It is not contended by relator that any of the grounds for release specified in the statute are present in this case, except that the municipal court of Bemidji was not legally constituted, was not a ‘competent court within the meaning of the statute, and had therefore no jurisdiction to hear, try, or determine the prosecution against relator. We are of opinion that this question cannot be determined in this proceeding.

The Constitution of the state expressly authorizes the Legislature to create and establish such courts inferior to the supreme and district courts as public interests may from time to time require. Under this authority the Legislature by section 125, Rev. Laws 1905, provided for the organization of municipal courts in certain villages and cities of the state upon a compliance with the conditions therein prescribed. In April, 1905, the city council of Bemidji, a city coming within the terms of the statute, acting under and pursuant to its provisions, duly resolved that a municipal court be established in and for that city, the resolution to take effect and be of force on August 1st following. The proceedings of the council were in all things in conformity with the law, and the resolution was duly submitted to the city mayor for his approval or rejection. The mayor vetoed the resolution, whereupon, in the due course of events, it was again brought before the council for consideration in connection with the mayor's disapproval. It was then passed by unanimous vote of the council over the veto. Thereafter the court was duly constituted by the appointment of a judge and clerk, as provided for by the statute under which the council acted, who qualified and entered upon the discharge of their duties. It was before this court as thus established that relator was convicted. It is his contention that the approval of the resolution by the mayor was an essential prerequisite to the organization of the court, and, he having disapproved or vetoed the same, that was an end of the matter; that the council had no power or authority to pass the resolution over his veto, hence that the court was not legally created or established. We do not pass upon the question whether the court was legally created or intimate any opinion to the effect that it was not. The question is not reached.
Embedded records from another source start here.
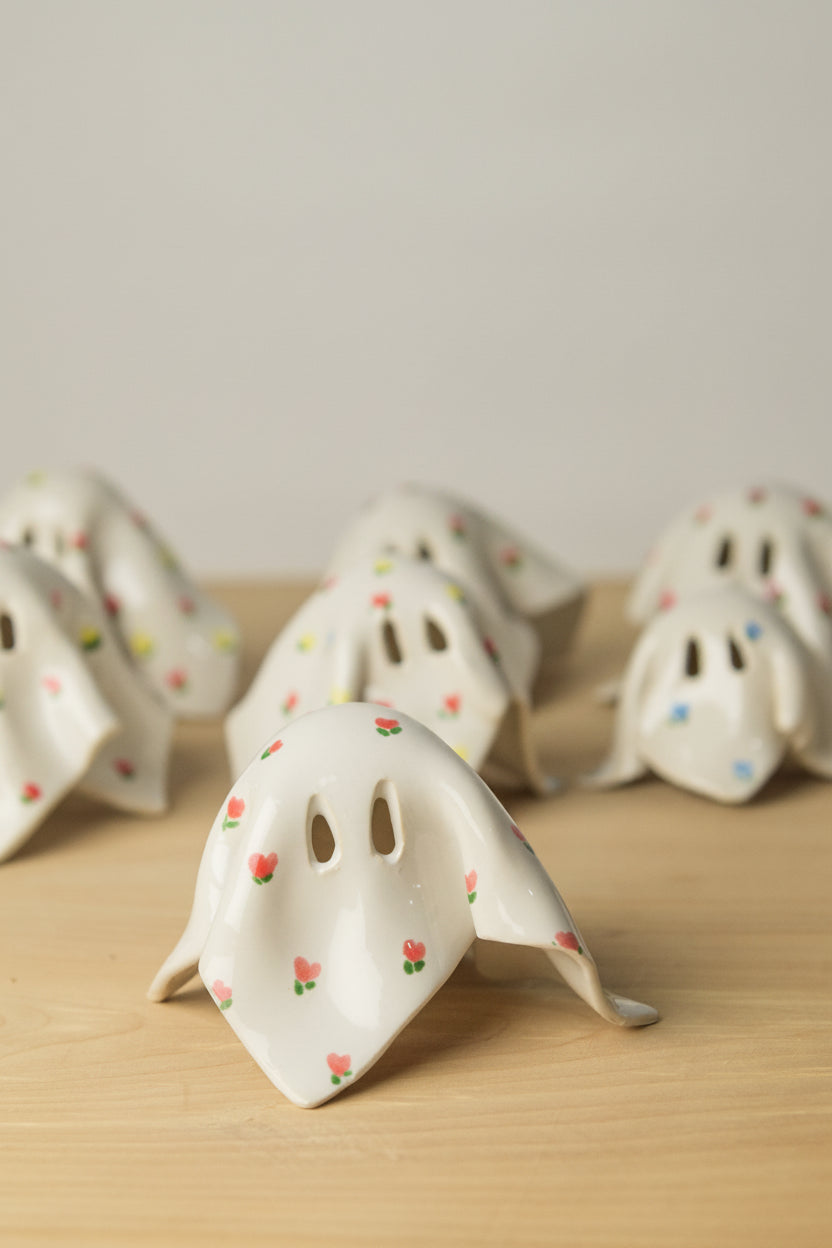 Handmade Ceramic Ghost with Cottage Floral Pattern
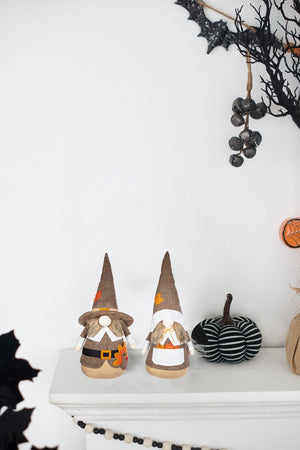 English Elm Set Of 2 Fabric Gnome Figurines – Cozy Autumn Decor For Thanksgiving, Fall Centerpieces & Gifts W2078P375700-GIGA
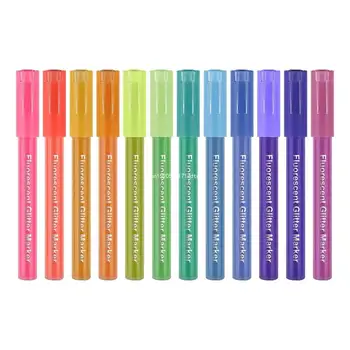 12 Опаковки блестящи химикалки-хайлайтеров флуоресцентни цветове, тънки уши за ArtJournaling, Директна доставка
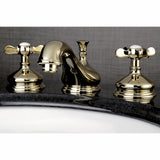 Essex Two-Handle 3-Hole Deck Mount Widespread Bathroom Faucet with Brass Pop-Up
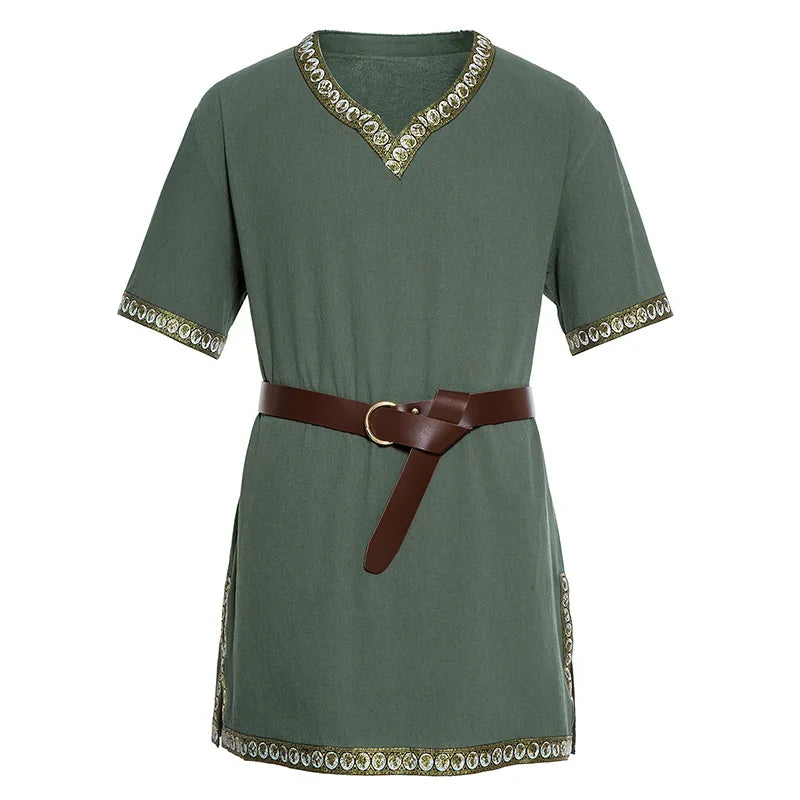 Knight Costume Medieval Costume Tunic Halloween Costumes for Men Adult Viking Pirate - Color 1 / XL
The question whether the legal existence of a court may be inquired into on habeas corpus proceedings has been answered by different courts both in the affirmative and the negative (21 Cyc. 301); the weight of authority, however, as we view the matter, being with those courts which hold under statutes like those of this state that the writ cannot reach that question. That the right of a person to exercise the functions of a public office, who has qualified and entered upon the discharge thereof under color of authority, though his title be not good in point of law, cannot be called in question collaterally upon habeas corpus or other indirect method, is sustained by all the courts. Note to 87 Am. St. Rep. 177; Sheehan's Case, 122 Mass. 445, 23 Am. Rep. 374;In re Manning, 76 Wis. 365, 45 N. W. 26;In re Brainerd, 56 Vt. 495; Ex parte Ward, 173 U. S. 452, 19 Sup. Ct. 459, 43 L. Ed. 765;Patterson v. State, 49 N. J. Law, 326, 8 Atl. 305. No reason occurs to us why the same rule should not apply to de facto municipal corporations and de facto courts. The authorities maintaining that the legal existence of the court may thus be inquired into proceed on the theory that there can be no such thing as a de facto court. In re Norton, 64 Kan. 842, 68 Pac. 639,91 Am. St. Rep. 255. But that doctrine is not fully supported either on principle or authority, at least it is not without exceptions. Municipal corporation, although not legally organized, is still a de facto corporation. State v. District Court, 90 Minn. 118, 95 N. W. 591; St. Paul Gaslight Co. v. Village, 73 Minn. 225, 75 N. W. 1050; 1 Dillon on Municipal Corporations (4th Ed.) 43; Cooley on Constitutional Limitations, 309, 310; 20 Am. & Eng. Ency. L. 1135; Speer v. Kearney County, 88 Fed. 749, 32 C. C. A. 101;Omaha v. South Omaha, 31...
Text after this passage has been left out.